Pictures with short captions:
● ● ● ● ● ● ●

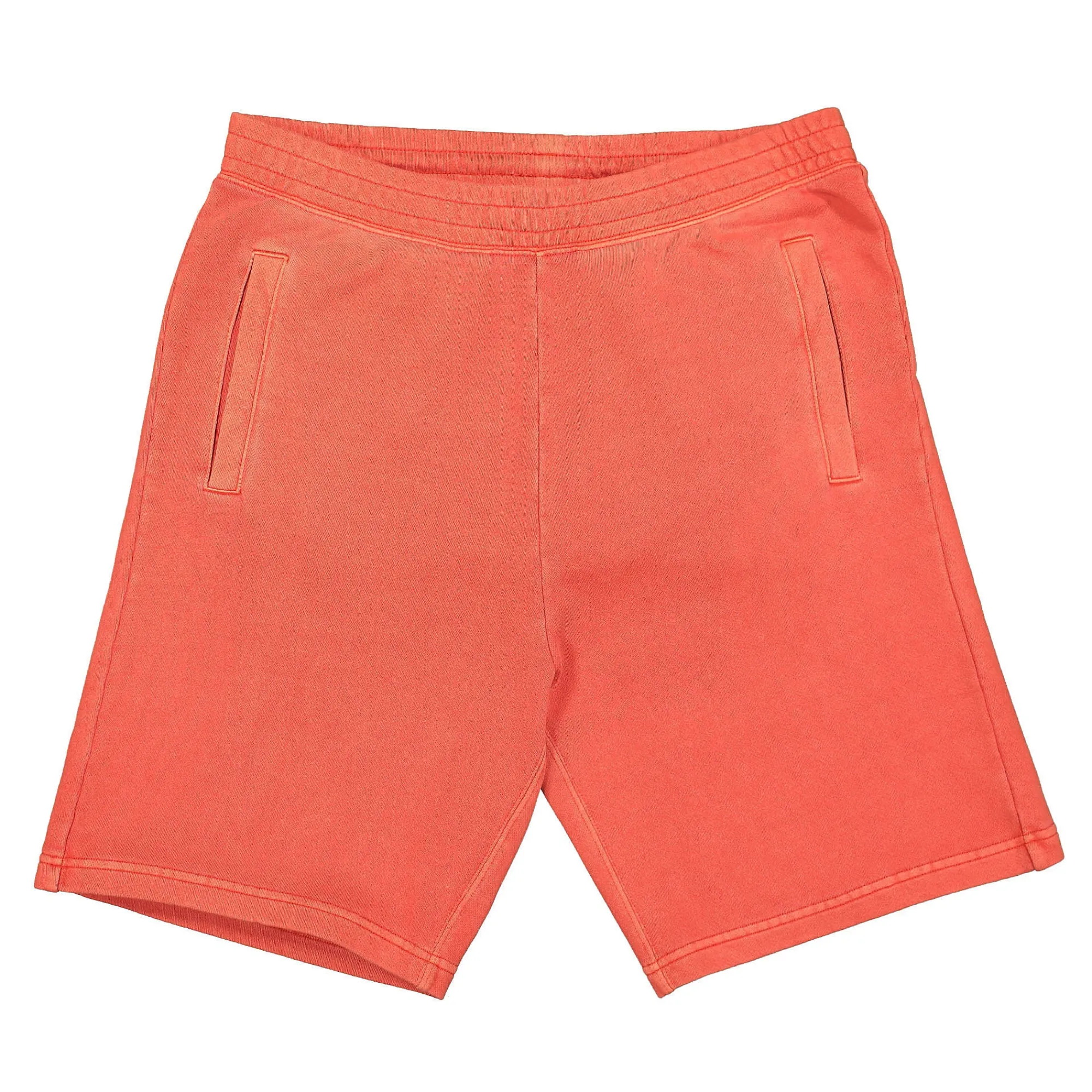 Pants & Shorts^Carhartt WIP Nelson Sweat Short Elba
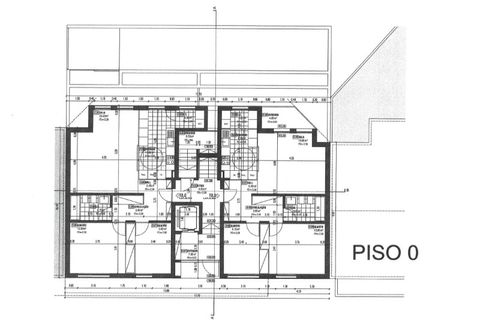 Helårsgrund i Amadora, Lisbon, Amadora - € 550.000 | Ref: 6001 - foto 27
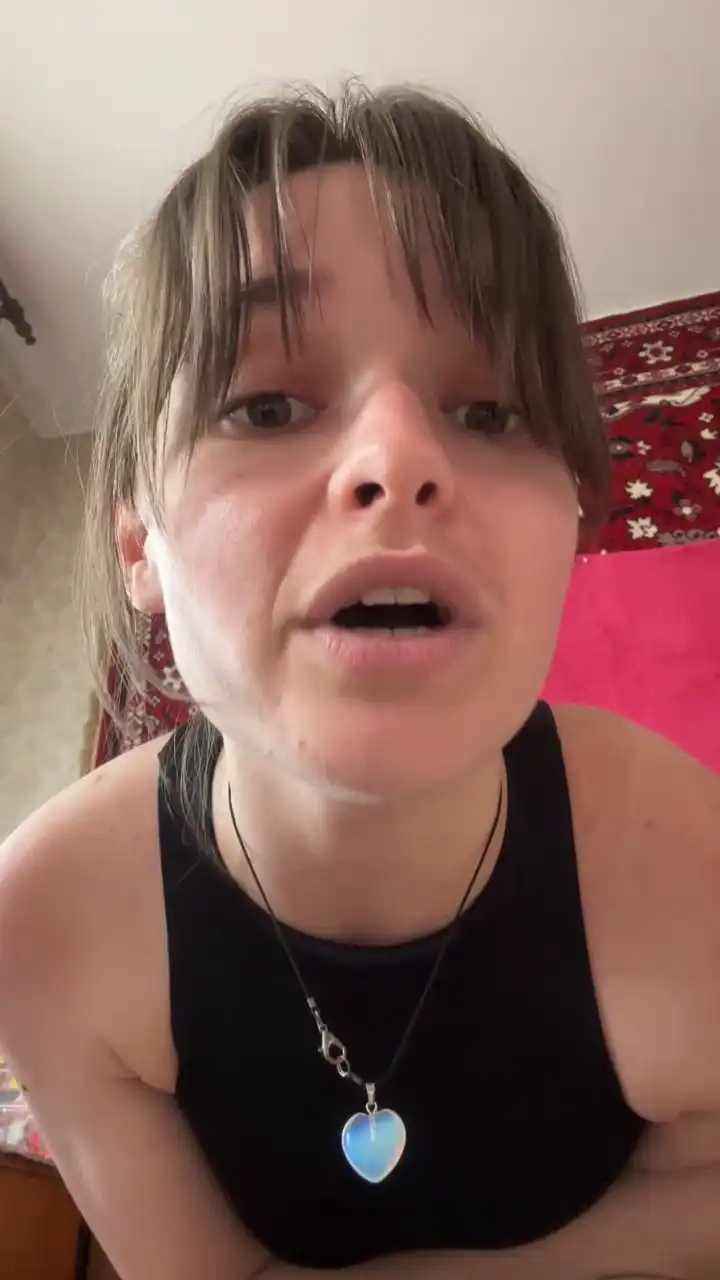 Herliossa – Xlovecam Recorded Sex Show – 2025-12-04 18:40:00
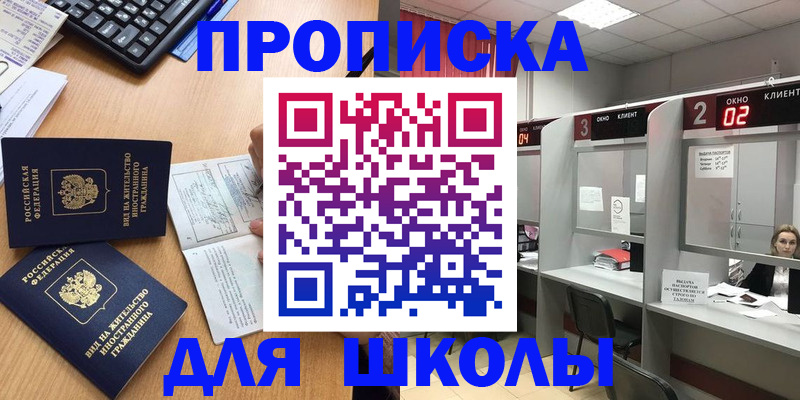 временная регистрация для всех в Светлограде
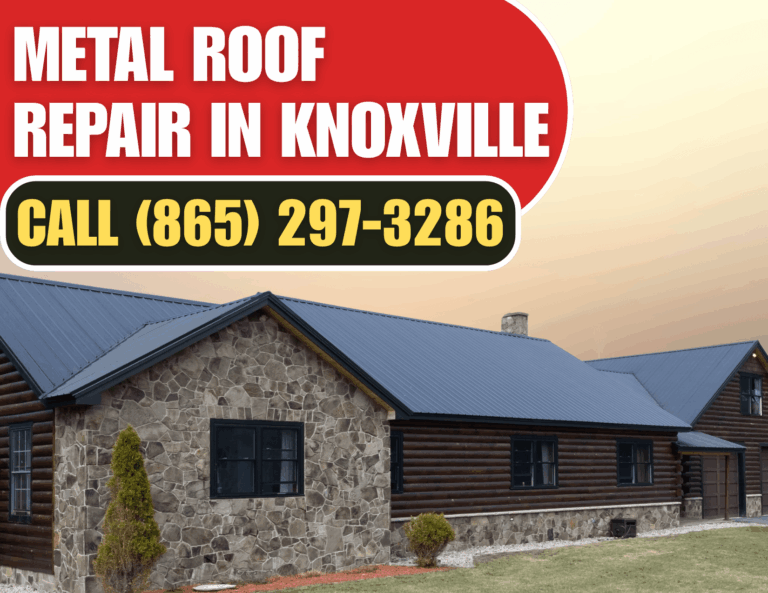 metal roof repair, metal roofing repair services, metal roof leak repair, corrugated metal roof repair, emergency metal roof repair, commercial metal roof repair, residential metal roof repair, rusted metal roof repair, flat metal roof repair, metal roof patching, metal roof maintenance, metal roof restoration, fix metal roof damage, metal roof flashing repair, steel roof repair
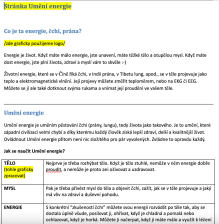 Obrázek reference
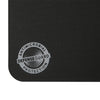 Ultraportable Antimicrobial Mouse Mat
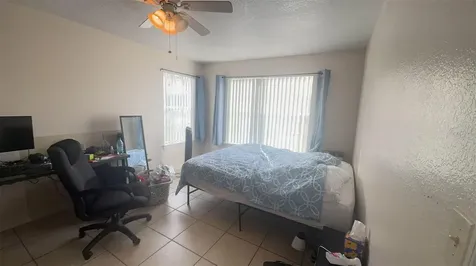2550 N Alafaya Trail Orlando FL 32826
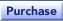 Purchase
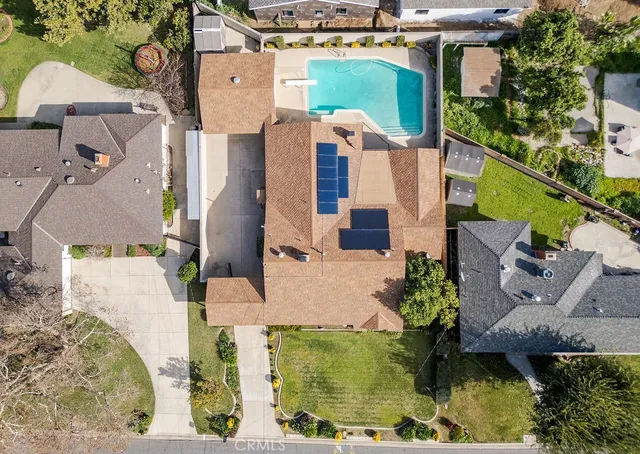 $1,450,000 | 1520 Loganrita Avenue, Arcadia, CA 91006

● ● ● ● ● ● ●

• _TASK_: Pictures are to be left out; otherwise, retype exactly the lines from the first line of the data through the line containing "Ultraportable Antimicrobial Mouse Mat".

• _SOLUTION FOR THIS TASK_:
 Pants & Shorts^Carhartt WIP Nelson Sweat Short Elba
 Helårsgrund i Amadora, Lisbon, Amadora - € 550.000 | Ref: 6001 - foto 27
 Herliossa – Xlovecam Recorded Sex Show – 2025-12-04 18:40:00
 временная регистрация для всех в Светлограде
 metal roof repair, metal roofing repair services, metal roof leak repair, corrugated metal roof repair, emergency metal roof repair, commercial metal roof repair, residential metal roof repair, rusted metal roof repair, flat metal roof repair, metal roof patching, metal roof maintenance, metal roof restoration, fix metal roof damage, metal roof flashing repair, steel roof repair
 Obrázek reference
 Ultraportable Antimicrobial Mouse Mat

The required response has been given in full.